CFO is not the only office operating 24-hour in HKO. In fact, colleagues in the Information Technology (IT) Management Division (ITMD) of HKO are also working 24-hour to monitor the operation of all critical computer systems and IT facilities in HKO. If any of the systems show a sign of problem, the Information Technology Officer (ITO) will follow the established procedures to handle the problem as soon as possible. In case an urgent situation occurs in non-office hours, even off-duty relevant officers have to assist the ITO to ensure that the computer systems at CFO can continue to operate smoothly. However, it may still need some time to recover from the problem if there is one. In that case, will the forecasters be blind to the sky during the period?
Figure 1： Colleagues of Information Technology Management Division closely monitoring the performance of the Hong Kong Observatory operational computer systems
There is an important concept called “redundancy” in engineering. Although it may sound negative, it is of extreme importance in keeping the availability of critical IT systems. Redundancy means that there is at least one duplicate of each critical component in the systems. In other words, each critical component has a set of backup that can immediately replace the original if the original malfunctions. In the human body, pair of organs like eyes, lungs and kidneys share a similar concept. If one in the pair fails, the other can still support the functioning of the body. Although these pairs of organs always work at the same time, this may not be the case for computer systems with redundancy. In general, only one set of these systems will be in operational mode. The backup system will switch to the operational mode (either automatically or manually) when the operating system shows a sign of problem.
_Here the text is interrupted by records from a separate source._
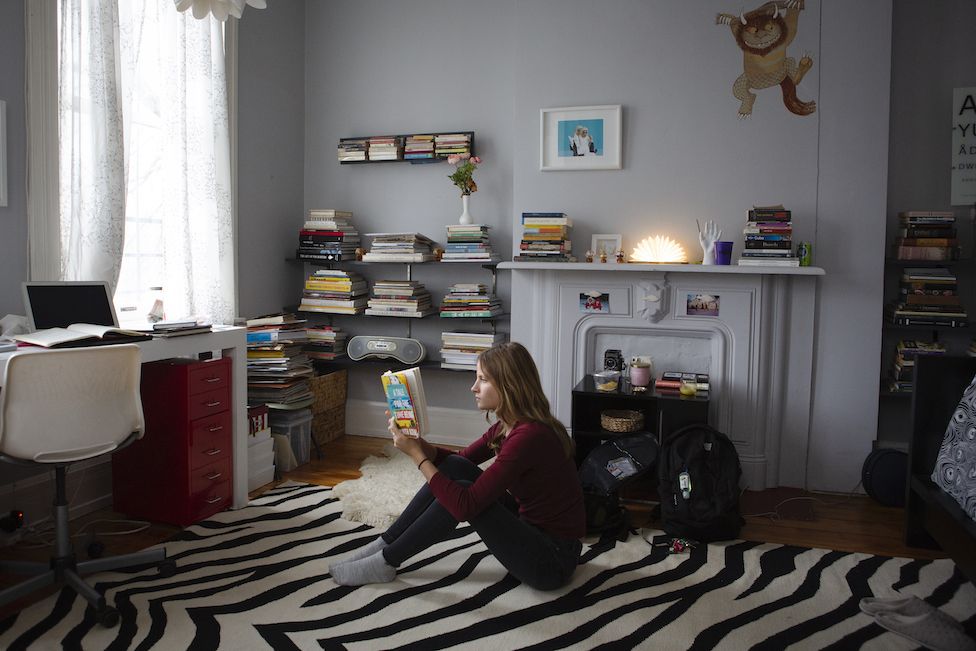 Maddie reads in her room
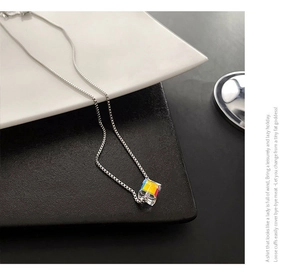 Dettaglio macro della catena in titanio argento con pendente a cubo geometrico colorato su piatto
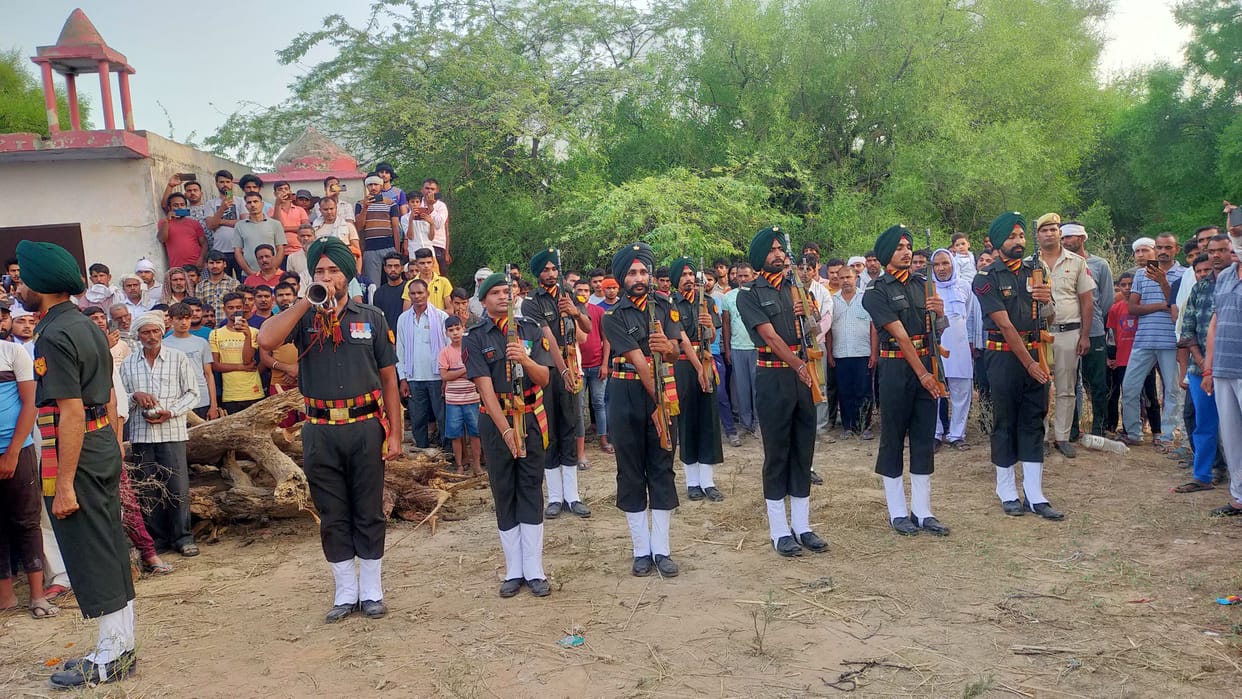 Villagers and army personnel bid farewell to Lal of the district with moist eyes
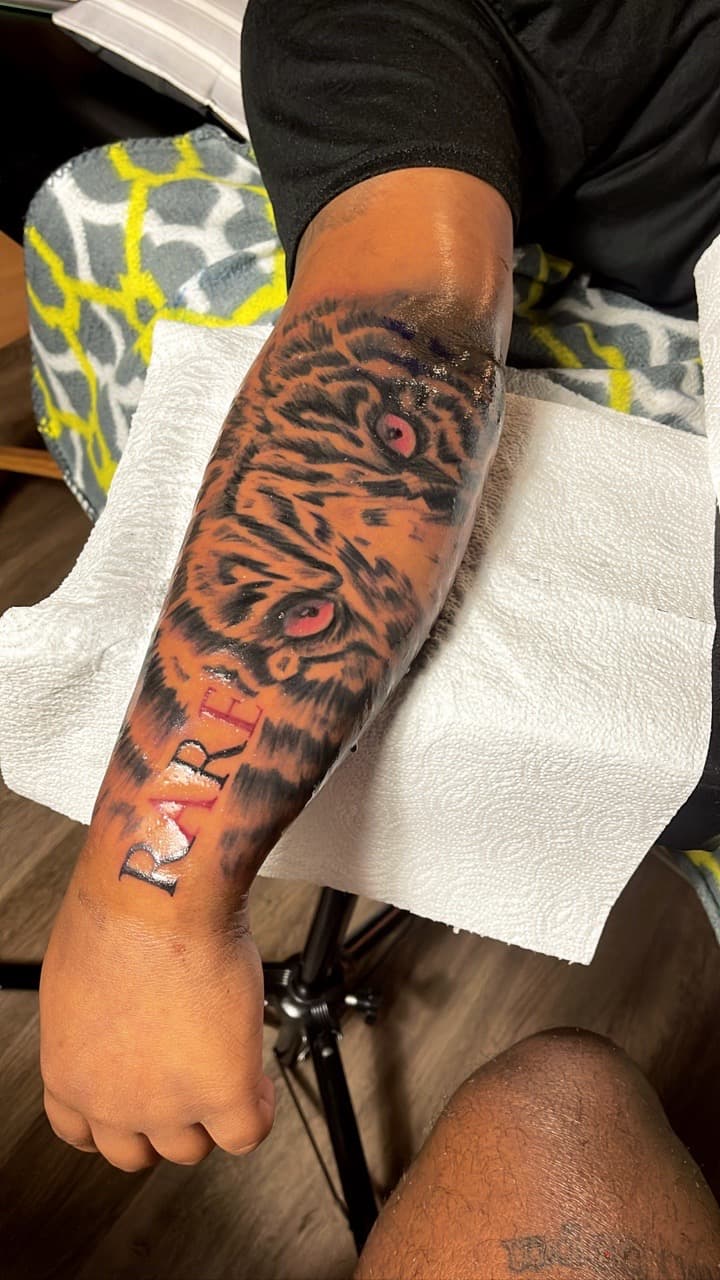 Realism + Black & Grey tiger tattoo on Forearm by NUDEINK on TattMe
HKO strives to provide timely weather forecasts and warnings to the public and the operations of CFO must never be interrupted during any types of weather. Therefore, HKO designs all critical systems with the concept of redundancy in mind. The systems each has a set of backup, which, in case of an unexpected failure of its counterpart, can immediately takeover the operation. Upon acknowledging a system problem, ITMD will decide whether it is necessary to switch the backup system to the operational mode. If that turns out to be the case, ITMD will repair the malfunctioned system as soon as possible so that it can operate properly again as early as possible. There is thus no need for forecasters to worry about being blind to the sky.